DATA TO PROCESS
──────────

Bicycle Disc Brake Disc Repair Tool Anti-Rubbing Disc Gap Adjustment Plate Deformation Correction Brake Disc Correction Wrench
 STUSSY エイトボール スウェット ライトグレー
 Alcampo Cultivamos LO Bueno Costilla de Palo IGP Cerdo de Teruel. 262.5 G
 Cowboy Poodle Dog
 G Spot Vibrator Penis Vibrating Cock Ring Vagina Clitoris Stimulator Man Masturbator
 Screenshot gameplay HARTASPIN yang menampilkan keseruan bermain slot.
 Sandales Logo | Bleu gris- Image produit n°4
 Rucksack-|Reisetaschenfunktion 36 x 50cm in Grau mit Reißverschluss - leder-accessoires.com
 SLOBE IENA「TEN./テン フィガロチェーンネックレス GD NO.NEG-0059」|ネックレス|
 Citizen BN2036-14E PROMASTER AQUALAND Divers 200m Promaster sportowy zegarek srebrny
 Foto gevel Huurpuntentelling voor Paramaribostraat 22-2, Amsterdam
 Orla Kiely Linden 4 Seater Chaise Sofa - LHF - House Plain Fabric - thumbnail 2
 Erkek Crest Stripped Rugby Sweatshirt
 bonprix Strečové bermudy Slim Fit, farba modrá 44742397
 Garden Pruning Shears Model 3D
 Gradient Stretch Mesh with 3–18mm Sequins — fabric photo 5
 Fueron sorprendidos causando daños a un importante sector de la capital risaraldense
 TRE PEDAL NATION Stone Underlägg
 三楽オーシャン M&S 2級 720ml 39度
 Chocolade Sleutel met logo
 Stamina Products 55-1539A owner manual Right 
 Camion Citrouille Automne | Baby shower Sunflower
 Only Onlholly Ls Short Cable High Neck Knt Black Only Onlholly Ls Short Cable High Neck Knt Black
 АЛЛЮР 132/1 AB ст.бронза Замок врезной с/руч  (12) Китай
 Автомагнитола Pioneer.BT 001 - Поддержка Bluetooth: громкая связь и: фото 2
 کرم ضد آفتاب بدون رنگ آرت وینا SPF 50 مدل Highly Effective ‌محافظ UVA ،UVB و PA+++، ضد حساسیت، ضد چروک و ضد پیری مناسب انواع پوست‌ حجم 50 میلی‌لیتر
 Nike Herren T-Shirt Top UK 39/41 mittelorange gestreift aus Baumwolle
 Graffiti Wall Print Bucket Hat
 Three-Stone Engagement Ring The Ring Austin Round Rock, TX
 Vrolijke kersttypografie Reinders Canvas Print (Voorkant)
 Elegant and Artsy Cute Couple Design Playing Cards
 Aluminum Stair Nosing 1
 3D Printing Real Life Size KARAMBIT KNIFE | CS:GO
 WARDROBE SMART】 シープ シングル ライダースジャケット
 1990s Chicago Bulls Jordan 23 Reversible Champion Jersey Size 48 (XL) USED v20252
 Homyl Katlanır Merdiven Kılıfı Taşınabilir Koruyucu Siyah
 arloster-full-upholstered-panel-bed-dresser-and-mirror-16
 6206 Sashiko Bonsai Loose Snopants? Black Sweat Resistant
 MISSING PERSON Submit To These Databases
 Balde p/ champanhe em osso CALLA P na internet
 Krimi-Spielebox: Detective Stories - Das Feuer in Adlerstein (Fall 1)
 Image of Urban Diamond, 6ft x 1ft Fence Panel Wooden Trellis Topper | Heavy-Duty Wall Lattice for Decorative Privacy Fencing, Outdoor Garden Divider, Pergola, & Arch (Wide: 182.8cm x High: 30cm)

──────────

YOUR INSTRUCTIONS
Lines with the string "Stone" in the data above: say how many there are, giving the number alone.

FINISHED EXERCISE
2